## [Given information]
-------

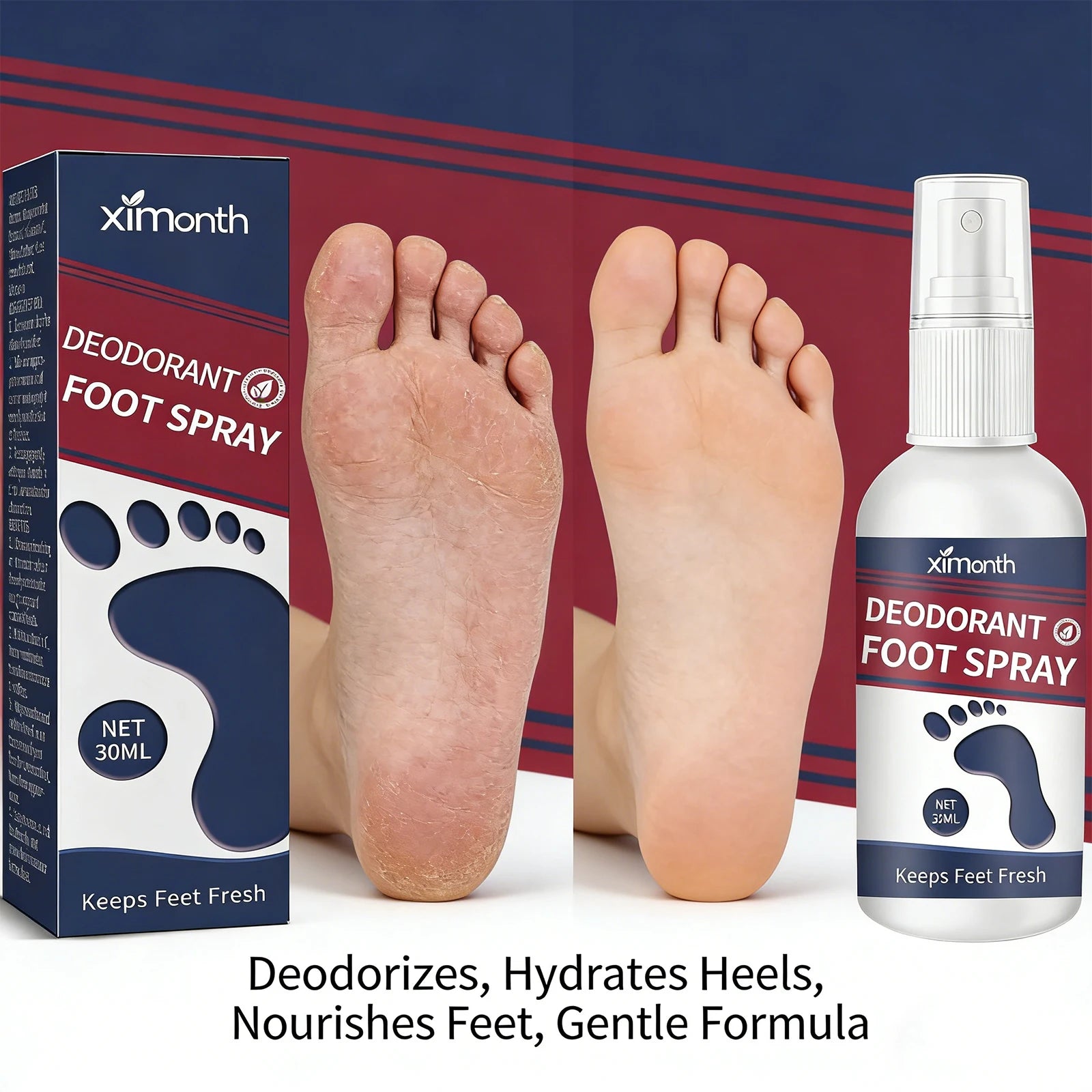 Refreshing Foot Deodorant Spray - Anti-Odor & Nourishing Heel Care - 2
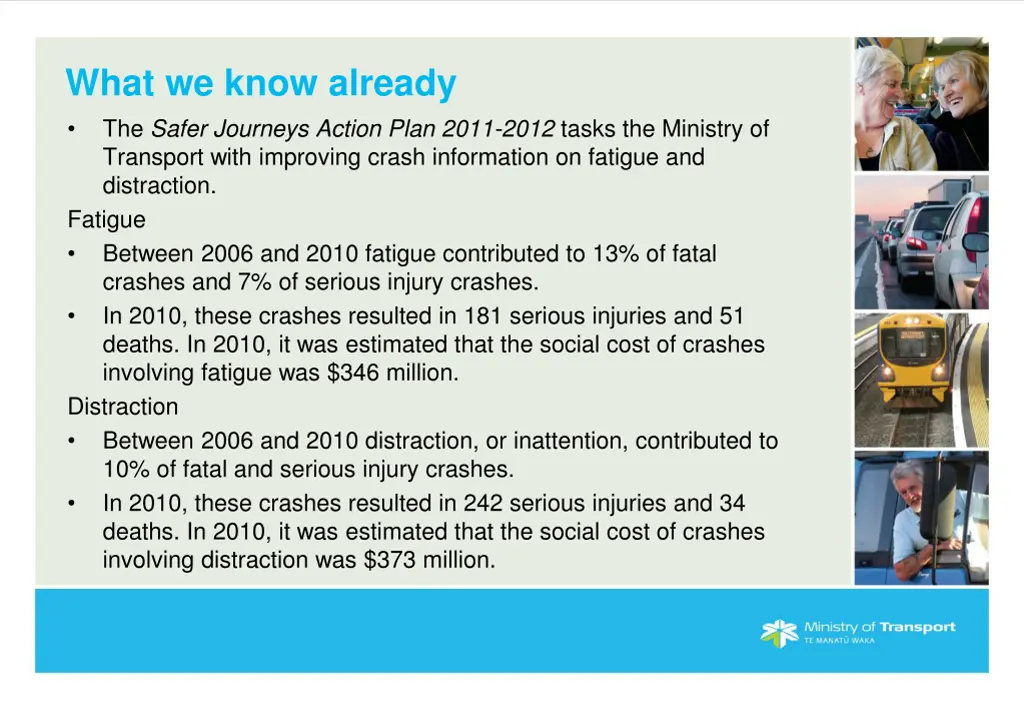 what we know already the safer journeys action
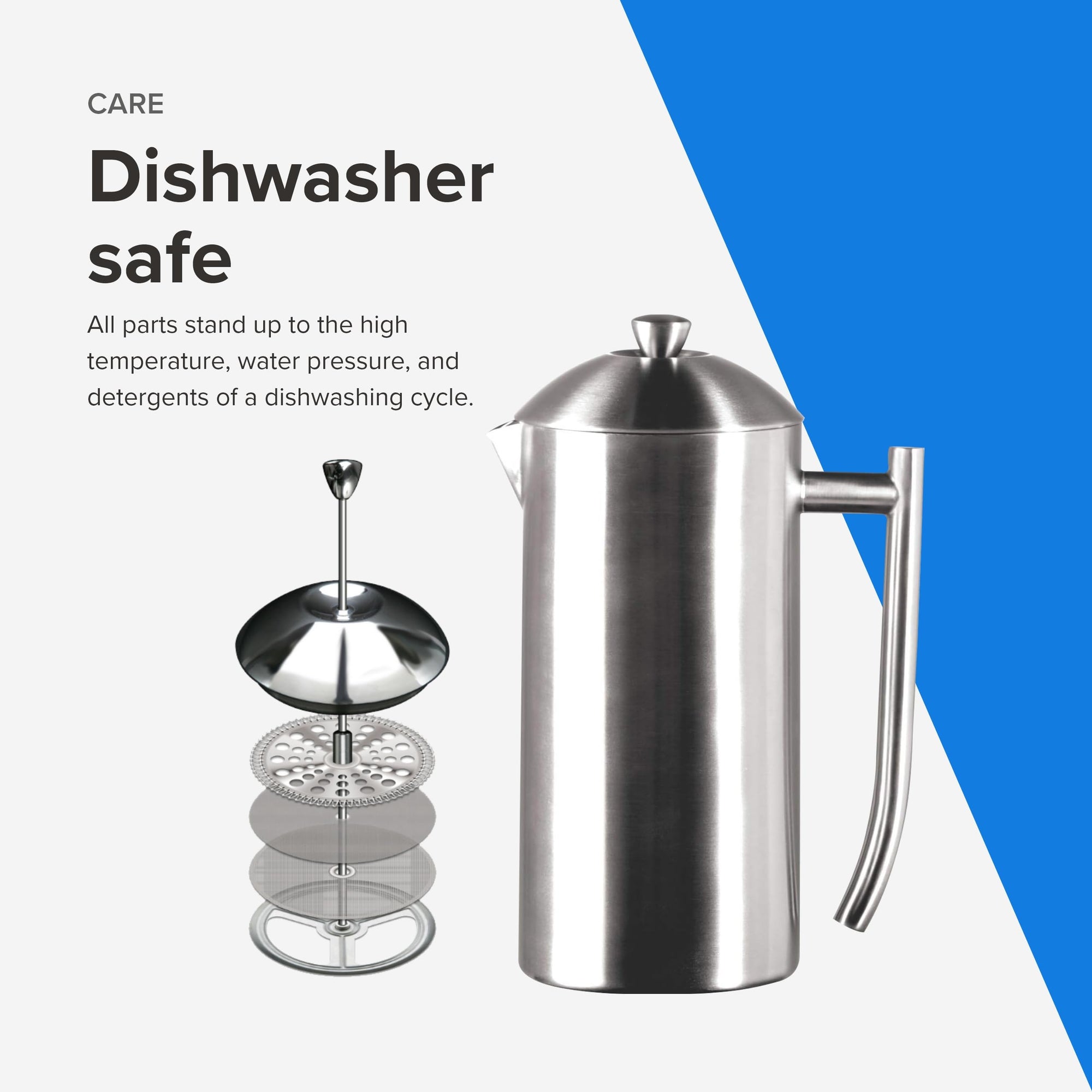 Stainless steel French press with filter basket on a white and blue background, featuring text about dishwasher safety.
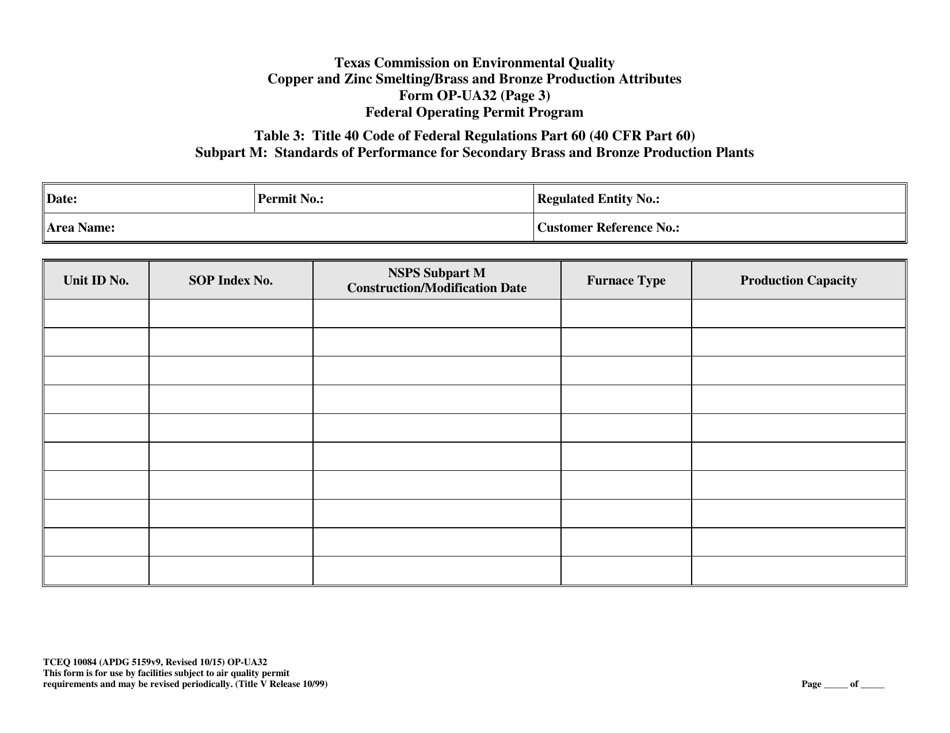 Form OP-UA32 (TCEQ-10084) Copper and Zinc Smelting / Brass and Bronze Production Attributes - Texas, Page 7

-------

Leave out the pictures and return the listing exactly.

 Refreshing Foot Deodorant Spray - Anti-Odor & Nourishing Heel Care - 2
 what we know already the safer journeys action
 Stainless steel French press with filter basket on a white and blue background, featuring text about dishwasher safety.
 Form OP-UA32 (TCEQ-10084) Copper and Zinc Smelting / Brass and Bronze Production Attributes - Texas, Page 7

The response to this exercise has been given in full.